I think you misunderstood my position. I am against zoning, preservation districts, area plans, etc. I also believe in the organic evolution of neighborhoods. My personal tastes and styles are my own, and I do not seek any means of athority to impose them on others.

Second, as one who has lived and worked right next to Midtown, and who looked into living in Midtown, I question your claim that the TIRZ goaded anyone into moving there with false claims. I further question why anyone would take the claims of a quasi-government agency run by developers over their own eyes. Nothing in Midtown is hidden. It is all laid out for everyone to see, including the homeless, the bus station, the parks, townhomes, apartments and charities. If you bought in Midtown without looking at it, but instead on the claims of a TIRZ, you have no one to blame but yourself.

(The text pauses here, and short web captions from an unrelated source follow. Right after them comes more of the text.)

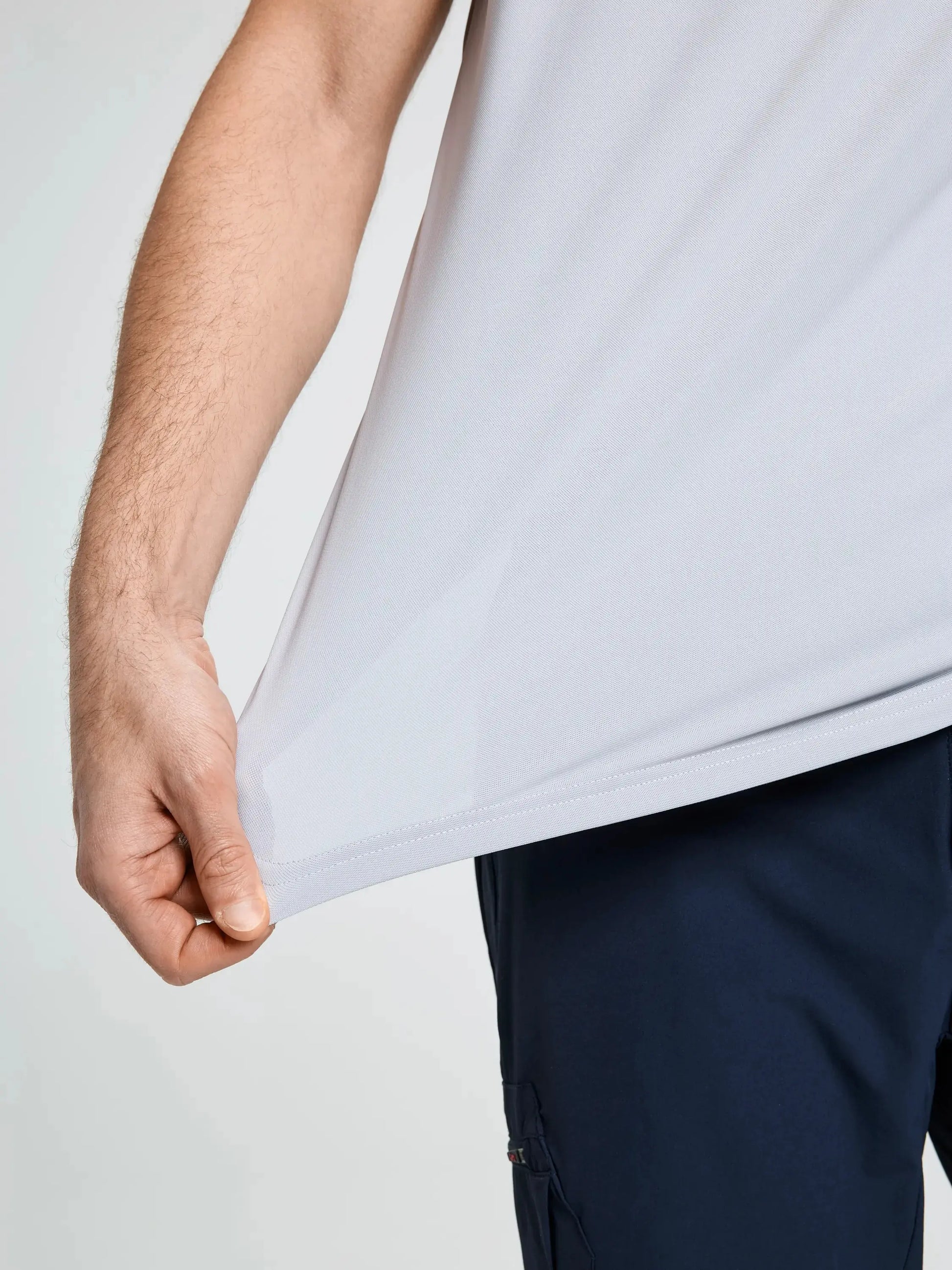 A person is shown wearing the SLAM TECH PIQUE T-SHIRT in light gray and dark blue pants, stretching the fabric outward with one hand to demonstrate its flexibility. The image focuses on the torso and part of the arm, emphasizing the breathable and comfortable design of this men’s short-sleeved T-shirt.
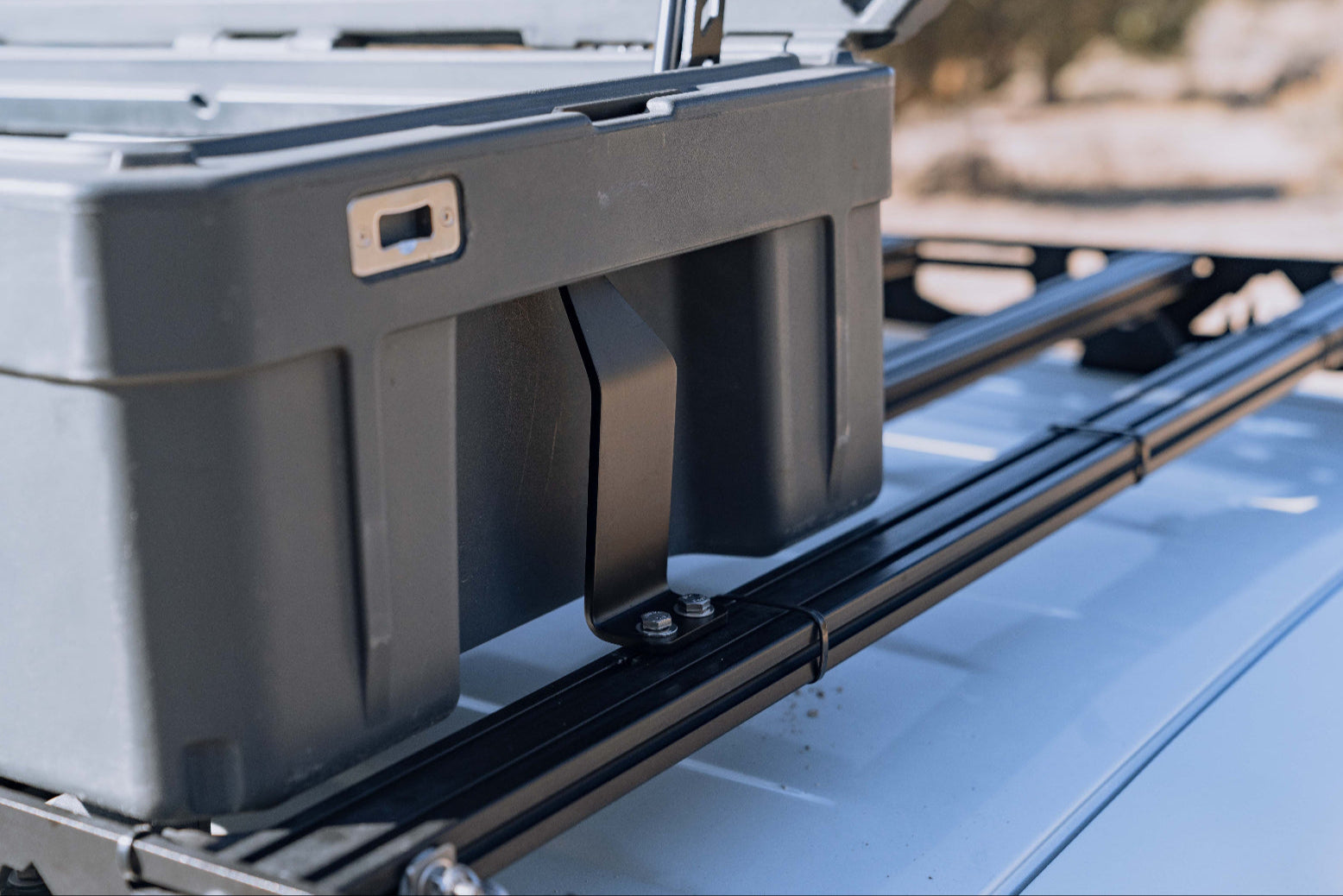 Close up of roam rigid mount and case on roof rack with 8020 crossbars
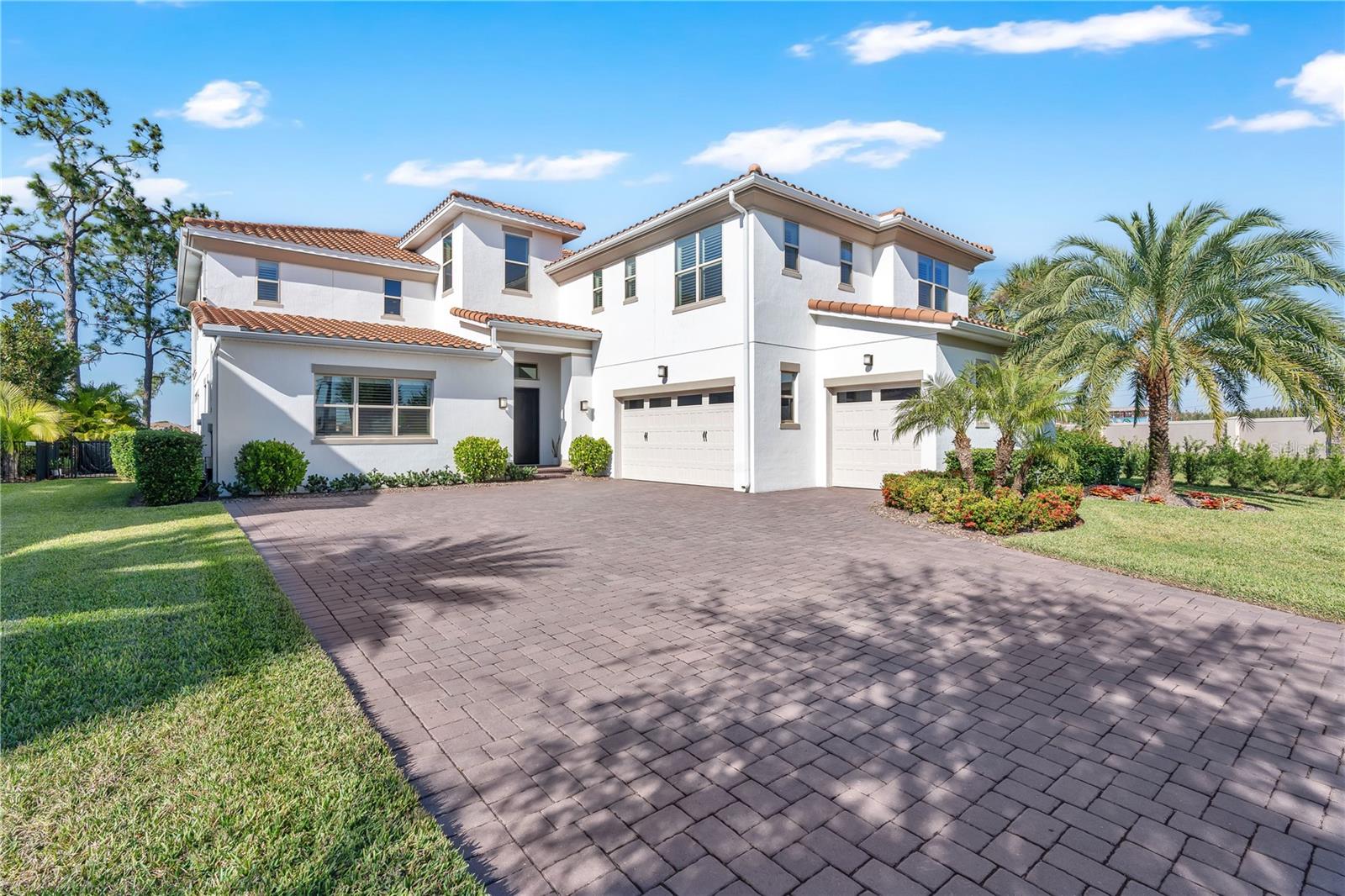 Set along the shoreline of Lake Hickorynut in Avalon Cove, this 2022-built lakefront residence blends refined design with the ease of modern Florida living. Positioned on a cul-de-sac corner lot of approximately 0.35 acres, the home offers long, open-water views and a lifestyle centered around indoor–outdoor connection, afternoon breezes off the lake, and sunsets enjoyed from the covered balcony or the resort-style pool terrace.The home spans approximately 4,934 square feet of living space (total 6,907 square feet), with five bedrooms and five full baths, and features tall ceilings, expansive windows, and sliding glass doors that frame the water view from the main living areas.The main level includes an open kitchen with upgraded cabinetry, soft-close doors and drawers, an oversized island, a natural-gas cooktop, a walk-in pantry, and a glass-enclosed wine room. An electric fireplace anchors the family room, and double sliding barn doors open to a dedicated theater room equipped with a projector, automated screen, and integrated sound.A first-floor guest suite with a walk-in closet and an additional full bath is perfect for visitors or multi-generational living. A large flex space, currently used as a gym, completes the first floor.Upstairs, a spacious loft with custom cabinetry, beverage drawers, and a triple-TV setup leads to the 40-foot covered balcony overlooking the lake — perfect for enjoying the sunset. The primary suite shares the same view and offers a large spa-style bath with a freestanding tub, an oversized shower with multiple shower heads, dual sinks, and a walk-in closet with built-in storage and direct access to the laundry room. Three additional bedrooms and two more full baths are also located on this level.The fenced backyard is designed for low-maintenance year-round enjoyment, featuring turf, lush landscaping, and a custom outdoor kitchen under the covered lanai. The natural-gas heated pool includes a waterfall, bubbler, oversized spa, built-in table with umbrella, sun shelf, lighting, auto-fill and drain, and complete smartphone control. A composite, covered dock — built in 2022 — extends the lifestyle onto the water with a boat lift, electricity, water, and rail lighting.Additional features include an EV charging station in the oversized three-car garage, custom garage cabinetry with a dedicated workbench, plantation shutters, upgraded tile plank flooring on the first floor with hardwood upstairs, a tile roof, smart-home systems (Control4, Lutron lighting, and Sonos), a water filtration system with reverse osmosis, and a security system with video capability.Located minutes from great schools, dining, parks, and attractions in Horizon West, this lakefront home offers both privacy and connection in one of Winter Garden’s most desirable areas.
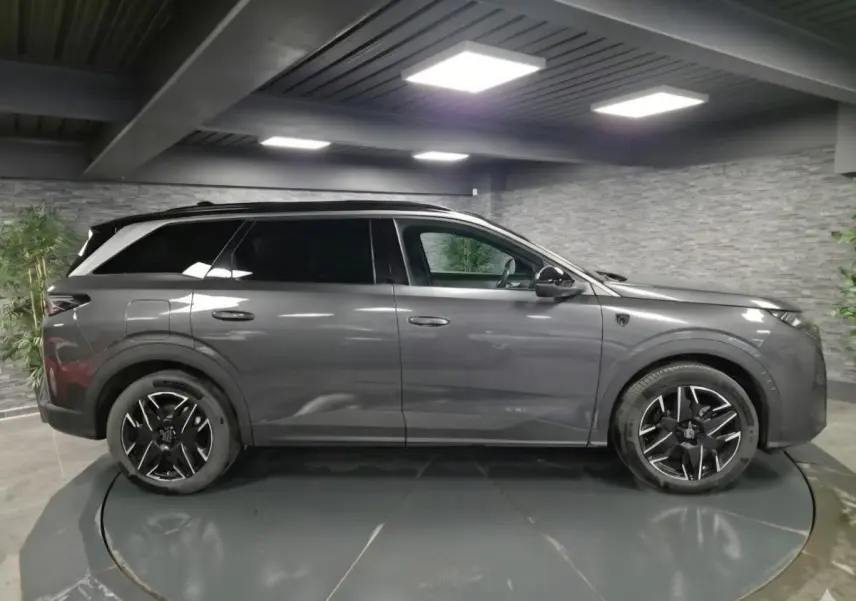 Vue de profil côté gauche d'un Peugeot 5008 gris métallisé 2025 en hybride essence, avec jantes alliage noires et toit noir.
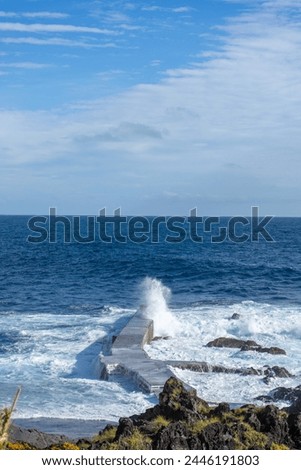 Powerful waves crash along the shoreline of Cinco Ribeiras, a scenic bathing area on Terceira Island, Azores. Royalty-Free Stock Photo #2446191803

There are elements in the TIRZ that are at odds with the revitalization of Midtown. The management district paints one picture, (and hires PR firms in an attempt to influence local media reporters) and the TIRZ wishes for another.

Again, you brought the Heights Historic Districts into this as a way to color me a hypocrite. In actuality, as one who advocates the Heights growing organically, and one who also advocates letting Midtown grow organically, I am consistent in my beliefs. It is those who want to orchestrate what goes into Midtown who appear to be alligned with the historic preservationists, who wish to legislate the growth of the Heights. And, in both cases, it appears to be the newcomers who wish to do the orchestrating...just like the people next to the airport.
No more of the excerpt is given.